En conséquence, faute de rapporter la preuve qui lui incombe du montant du règlement versé par
l’assureur automobile, M. X Y sera débouté de sa demande d’indemnisation.
Il convient de confirmer le jugement querellé en ce qu’il a déclaré recevable l’intervention volontaire à l’instance de la société MMA Iard venant aux droits de la société Covea fleet, et de l’infirmer pour le surplus en toutes ses dispositions.
M. X Y, qui succombe à l’instance, sera condamné aux entiers dépens de première instance et d’appel, dont distraction au profit de Maître E-F G en application de l’article 699 du code de procédure civile.

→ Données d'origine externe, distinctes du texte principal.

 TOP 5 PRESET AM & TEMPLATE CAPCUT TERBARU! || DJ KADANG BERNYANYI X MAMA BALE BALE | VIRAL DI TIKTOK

L’équité commande de condamner M. X Y à payer la somme de 800 euros chacune à la société Diac et à la société MMA Iard sur le fondement de l’article 700 du code de procédure civile.
Par ces motifs,
La cour,
Statuant publiquement et contradictoirement,
Confirme le jugement querellé en ce qu’il a déclaré recevable l’intervention volontaire à l’instance de la société MMA Iard,
L’infirme pour le surplus en toutes ses dispositions,
Statuant à nouveau,
Déboute M. X Y de ses demandes à l’égard de la société Diac,
Le condamne aux dépens de première instance et d’appel, dont distraction au profit de Maître E-F G en application de l’article 699 du code de procédure civile,
Le condamne à payer la somme de 800 euros chacune à la société Diac et à la société MMA Iard sur le fondement de l’article 700 du code de procédure civile.